第15章 南麓与扎根(1/2)
往南走的路比想象中更漫长。秋末的风卷着枯叶,在林间打着旋,队伍里的老人和孩子渐渐跟不上趟,每天能走的路程越来越短。我把白狐的尸体埋在了一棵老橡树下,坟头插了根红布条——就像阿禾在盐母洞旁做的那样,算是给了它一个安稳的归宿。
蒙小玉总能在最艰难的时候找出些乐子。她教孩子们辨认能吃的野果,用藤蔓编出小巧的篮子,甚至在休息时哼起黑石岭的歌谣,调子轻快,驱散了不少赶路的疲惫。
“你看,前面有片竹林。”这天傍晚,她指着远处的青绿色,眼睛亮了起来,“竹林里肯定有笋,还能编竹屋,比山洞暖和。”
我顺着她指的方向望去,果然看到一片茂密的竹林,在夕阳下泛着柔和的光。竹林旁边有条溪流,潺潺的水声顺着风飘过来,清澈得能想象出水底的鹅卵石。
“就在这儿歇歇脚吧。”我对众人说。
汉子们立刻欢呼起来,放下背上的行囊,就往竹林里钻,想看看有没有野物。女人们则围到溪边,打水、洗衣,孩子们脱了鞋,在浅滩上追逐打闹,溅起的水花映着晚霞,像撒了把碎金。
我和蒙小玉找了块平整的石头坐下,她从怀里掏出最后半块麦饼,掰了一半给我:“省着点吃,明天得去周围找找有没有能种的土地。”
“嗯。”我咬了口麦饼,看着眼前的景象,忽然觉得这里和黑石岭有些像——有山,有水,有能让人安心的烟火气。
夜里,我们在竹林边搭了简易的棚子,燃起篝火。李叔的箭伤已经好得差不多了,正给孩子们讲黑石岭的故事,说盐母洞的盐晶有多亮,说白狐仙有多神。
“以后咱们还能有盐吃吗?”一个扎着羊角辫的小姑娘怯生生地问。
我摸了摸怀里的铜哨,那上面还沾着盐母洞的咸涩味:“能。只要咱们肯找,肯定能找到新的盐源。”
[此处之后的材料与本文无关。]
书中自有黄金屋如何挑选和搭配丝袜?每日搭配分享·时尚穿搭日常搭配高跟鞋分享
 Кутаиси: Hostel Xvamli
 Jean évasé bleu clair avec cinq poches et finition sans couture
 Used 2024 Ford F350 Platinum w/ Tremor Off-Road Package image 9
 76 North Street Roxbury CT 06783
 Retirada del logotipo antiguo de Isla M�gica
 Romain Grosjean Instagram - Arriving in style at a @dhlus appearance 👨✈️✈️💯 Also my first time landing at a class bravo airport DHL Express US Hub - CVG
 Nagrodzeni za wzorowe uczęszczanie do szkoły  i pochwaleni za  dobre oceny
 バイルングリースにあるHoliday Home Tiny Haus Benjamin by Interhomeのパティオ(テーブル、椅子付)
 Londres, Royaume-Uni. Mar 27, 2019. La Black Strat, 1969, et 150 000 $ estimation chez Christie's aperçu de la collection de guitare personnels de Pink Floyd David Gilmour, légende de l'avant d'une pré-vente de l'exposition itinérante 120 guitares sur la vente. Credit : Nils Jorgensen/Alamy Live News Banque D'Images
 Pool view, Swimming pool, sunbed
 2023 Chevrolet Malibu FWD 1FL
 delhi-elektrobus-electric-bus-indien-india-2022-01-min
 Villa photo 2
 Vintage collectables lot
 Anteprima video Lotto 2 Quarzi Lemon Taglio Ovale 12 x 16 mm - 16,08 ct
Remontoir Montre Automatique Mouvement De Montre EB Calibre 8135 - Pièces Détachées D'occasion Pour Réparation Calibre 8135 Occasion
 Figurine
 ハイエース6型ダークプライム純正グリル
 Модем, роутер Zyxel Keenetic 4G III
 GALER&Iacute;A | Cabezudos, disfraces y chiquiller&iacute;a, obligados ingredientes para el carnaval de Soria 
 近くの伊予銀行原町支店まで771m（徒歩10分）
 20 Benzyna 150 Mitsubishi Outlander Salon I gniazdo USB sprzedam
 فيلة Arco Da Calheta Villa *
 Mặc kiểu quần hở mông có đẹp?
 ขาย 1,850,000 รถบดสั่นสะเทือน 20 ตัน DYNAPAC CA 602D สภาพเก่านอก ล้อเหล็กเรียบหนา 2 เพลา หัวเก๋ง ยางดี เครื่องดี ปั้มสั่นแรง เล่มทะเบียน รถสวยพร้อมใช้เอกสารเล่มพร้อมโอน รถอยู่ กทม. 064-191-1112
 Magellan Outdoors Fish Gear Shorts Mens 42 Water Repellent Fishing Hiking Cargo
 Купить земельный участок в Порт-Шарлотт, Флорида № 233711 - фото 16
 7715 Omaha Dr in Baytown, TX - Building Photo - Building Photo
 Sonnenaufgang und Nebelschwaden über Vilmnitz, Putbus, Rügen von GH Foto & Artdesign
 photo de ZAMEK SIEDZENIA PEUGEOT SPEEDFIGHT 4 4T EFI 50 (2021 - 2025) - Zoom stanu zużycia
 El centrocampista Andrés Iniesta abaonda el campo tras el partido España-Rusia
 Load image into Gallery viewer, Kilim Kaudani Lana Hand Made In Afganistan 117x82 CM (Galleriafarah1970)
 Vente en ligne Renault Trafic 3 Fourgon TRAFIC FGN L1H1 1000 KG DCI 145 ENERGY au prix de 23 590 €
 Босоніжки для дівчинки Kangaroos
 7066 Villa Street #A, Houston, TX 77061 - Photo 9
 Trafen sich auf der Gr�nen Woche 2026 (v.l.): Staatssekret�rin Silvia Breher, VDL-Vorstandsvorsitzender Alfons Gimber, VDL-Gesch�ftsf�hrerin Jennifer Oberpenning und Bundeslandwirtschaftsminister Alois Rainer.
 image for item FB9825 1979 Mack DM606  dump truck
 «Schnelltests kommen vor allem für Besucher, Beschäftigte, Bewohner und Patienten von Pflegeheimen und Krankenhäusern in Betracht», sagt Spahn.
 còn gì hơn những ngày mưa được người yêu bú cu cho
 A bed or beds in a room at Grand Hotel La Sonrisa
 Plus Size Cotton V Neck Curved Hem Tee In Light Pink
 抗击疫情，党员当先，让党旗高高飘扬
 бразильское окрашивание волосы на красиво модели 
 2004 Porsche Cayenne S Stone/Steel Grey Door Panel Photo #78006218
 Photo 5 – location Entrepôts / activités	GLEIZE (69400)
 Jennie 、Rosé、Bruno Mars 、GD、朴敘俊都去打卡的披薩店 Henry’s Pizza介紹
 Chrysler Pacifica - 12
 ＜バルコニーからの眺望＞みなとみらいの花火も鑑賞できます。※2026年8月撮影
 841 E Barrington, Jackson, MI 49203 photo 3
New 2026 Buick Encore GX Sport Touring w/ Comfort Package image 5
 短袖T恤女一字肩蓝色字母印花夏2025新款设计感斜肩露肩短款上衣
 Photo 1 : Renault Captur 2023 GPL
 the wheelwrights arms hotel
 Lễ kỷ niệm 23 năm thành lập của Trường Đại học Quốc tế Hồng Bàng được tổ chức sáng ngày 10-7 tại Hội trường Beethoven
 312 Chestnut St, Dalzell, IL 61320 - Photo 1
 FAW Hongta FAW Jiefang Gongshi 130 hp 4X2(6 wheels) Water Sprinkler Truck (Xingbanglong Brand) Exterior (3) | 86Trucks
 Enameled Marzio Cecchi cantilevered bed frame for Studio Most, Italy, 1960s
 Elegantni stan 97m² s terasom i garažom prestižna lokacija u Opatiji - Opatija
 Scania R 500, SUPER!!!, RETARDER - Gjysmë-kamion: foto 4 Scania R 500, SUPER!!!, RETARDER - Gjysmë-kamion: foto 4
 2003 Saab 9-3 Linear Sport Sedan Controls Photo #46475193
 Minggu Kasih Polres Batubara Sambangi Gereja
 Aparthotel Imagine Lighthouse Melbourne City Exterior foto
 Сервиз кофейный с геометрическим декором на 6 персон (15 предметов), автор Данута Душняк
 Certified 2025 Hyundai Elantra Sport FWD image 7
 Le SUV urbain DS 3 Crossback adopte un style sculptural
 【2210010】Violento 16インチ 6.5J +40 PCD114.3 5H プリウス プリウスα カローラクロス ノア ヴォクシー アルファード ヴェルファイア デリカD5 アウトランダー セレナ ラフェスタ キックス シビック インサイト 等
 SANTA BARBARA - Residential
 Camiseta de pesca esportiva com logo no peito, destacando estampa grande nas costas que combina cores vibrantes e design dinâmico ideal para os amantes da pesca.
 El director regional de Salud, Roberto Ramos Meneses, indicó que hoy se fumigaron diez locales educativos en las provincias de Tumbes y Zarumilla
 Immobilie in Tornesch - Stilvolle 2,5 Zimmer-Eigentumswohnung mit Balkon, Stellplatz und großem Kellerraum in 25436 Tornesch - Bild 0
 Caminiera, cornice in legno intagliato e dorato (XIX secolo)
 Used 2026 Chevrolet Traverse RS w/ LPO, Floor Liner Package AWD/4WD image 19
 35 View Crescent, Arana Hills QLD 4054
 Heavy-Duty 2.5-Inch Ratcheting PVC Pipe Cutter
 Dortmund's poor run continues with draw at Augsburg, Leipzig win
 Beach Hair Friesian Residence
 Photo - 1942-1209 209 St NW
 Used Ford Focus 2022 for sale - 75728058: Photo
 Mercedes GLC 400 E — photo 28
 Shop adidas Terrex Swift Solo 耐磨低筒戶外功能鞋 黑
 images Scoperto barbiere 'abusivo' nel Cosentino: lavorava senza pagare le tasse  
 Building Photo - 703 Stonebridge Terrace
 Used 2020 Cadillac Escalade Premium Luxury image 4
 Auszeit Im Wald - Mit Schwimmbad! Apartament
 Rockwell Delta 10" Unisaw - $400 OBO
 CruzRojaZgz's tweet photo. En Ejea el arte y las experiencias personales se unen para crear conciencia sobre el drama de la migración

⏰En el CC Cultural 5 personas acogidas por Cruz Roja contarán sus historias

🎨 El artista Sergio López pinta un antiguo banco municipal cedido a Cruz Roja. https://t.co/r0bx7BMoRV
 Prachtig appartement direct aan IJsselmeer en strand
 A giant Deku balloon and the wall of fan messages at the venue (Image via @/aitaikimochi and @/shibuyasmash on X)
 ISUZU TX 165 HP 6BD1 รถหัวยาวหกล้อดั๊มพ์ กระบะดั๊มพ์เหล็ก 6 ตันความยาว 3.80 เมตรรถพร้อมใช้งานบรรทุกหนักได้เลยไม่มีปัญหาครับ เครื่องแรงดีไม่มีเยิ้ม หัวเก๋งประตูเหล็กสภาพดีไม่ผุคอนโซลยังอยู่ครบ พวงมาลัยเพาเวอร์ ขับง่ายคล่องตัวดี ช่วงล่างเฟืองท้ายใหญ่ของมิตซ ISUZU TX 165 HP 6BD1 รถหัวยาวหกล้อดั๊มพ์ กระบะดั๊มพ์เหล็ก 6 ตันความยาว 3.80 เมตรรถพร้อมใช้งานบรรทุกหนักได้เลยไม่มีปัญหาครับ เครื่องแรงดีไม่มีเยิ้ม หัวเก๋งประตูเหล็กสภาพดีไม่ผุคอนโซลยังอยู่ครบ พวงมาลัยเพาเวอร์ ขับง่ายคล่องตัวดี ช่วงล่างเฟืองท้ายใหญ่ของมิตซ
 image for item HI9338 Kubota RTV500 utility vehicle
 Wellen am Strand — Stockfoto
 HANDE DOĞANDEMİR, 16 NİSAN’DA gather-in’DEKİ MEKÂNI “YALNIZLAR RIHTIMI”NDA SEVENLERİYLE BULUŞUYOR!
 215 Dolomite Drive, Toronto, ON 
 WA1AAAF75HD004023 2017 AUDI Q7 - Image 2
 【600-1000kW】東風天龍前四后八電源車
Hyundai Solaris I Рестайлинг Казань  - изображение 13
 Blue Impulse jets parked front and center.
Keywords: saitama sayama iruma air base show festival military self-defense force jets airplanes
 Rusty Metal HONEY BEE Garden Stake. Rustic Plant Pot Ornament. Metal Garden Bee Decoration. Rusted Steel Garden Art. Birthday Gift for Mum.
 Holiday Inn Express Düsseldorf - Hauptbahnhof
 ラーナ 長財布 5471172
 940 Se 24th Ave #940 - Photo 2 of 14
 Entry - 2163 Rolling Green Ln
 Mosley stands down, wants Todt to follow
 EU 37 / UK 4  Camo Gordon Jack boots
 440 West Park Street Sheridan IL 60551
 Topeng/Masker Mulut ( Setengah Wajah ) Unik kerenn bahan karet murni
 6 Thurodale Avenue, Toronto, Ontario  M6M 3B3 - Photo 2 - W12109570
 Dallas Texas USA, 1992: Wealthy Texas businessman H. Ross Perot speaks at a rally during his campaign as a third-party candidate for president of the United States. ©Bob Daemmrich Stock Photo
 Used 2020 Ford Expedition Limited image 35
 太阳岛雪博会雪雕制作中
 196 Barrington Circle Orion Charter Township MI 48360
蒙小玉握住我的手,在我掌心轻轻画了个圈,像是在说“我信你”。
第二天一早,我带着几个汉子去探查地形。南边的山林比黑石岭更湿润,土壤也更肥沃,不远处还有片开阔的谷地,长满了齐腰高的野草,显然是块能耕种的好地。
“这里能种粟米,还能种水稻。”一个懂耕种的老人蹲在地里,抓起一把黑土,捻了捻,“比黑石岭的地肥多了。”
找到水源和耕地,所有人都松了口气。我们开始动手搭建木屋,用竹子做骨架,铺上茅草和兽皮,虽然简陋,却也能遮风挡雨。女人们则在溪边开垦出小块的土地,种下从黑石岭带来的粟米种子,盼着来年能有收成。
日子渐渐安稳下来,却也有新的麻烦。这片山林里的野兽比黑石岭多,而且更凶猛。有天夜里,一只黑熊闯进了营地,咬死了我们仅存的两只羊,若不是汉子们及时用火把赶走它,恐怕还要伤人。
“得修道栅栏,再挖些陷阱。”我对众人说,“不能让野兽再进来。”
接下来的日子,我们一边加固营地,一边打猎、勘探。我发现南边的山谷里有种奇怪的植物,根茎是红色的,尝起来咸涩涩的——是盐根!虽然没有盐母洞的盐晶纯粹,但晒干了磨成粉,也能当盐用。
“咱们有盐了!”我捧着盐根跑回营地,举给众人看。
蒙小玉立刻接过去,用石头砸开一块,放在嘴里尝了尝,笑着说:“真的是咸的!以后再也不用怕没盐吃了!”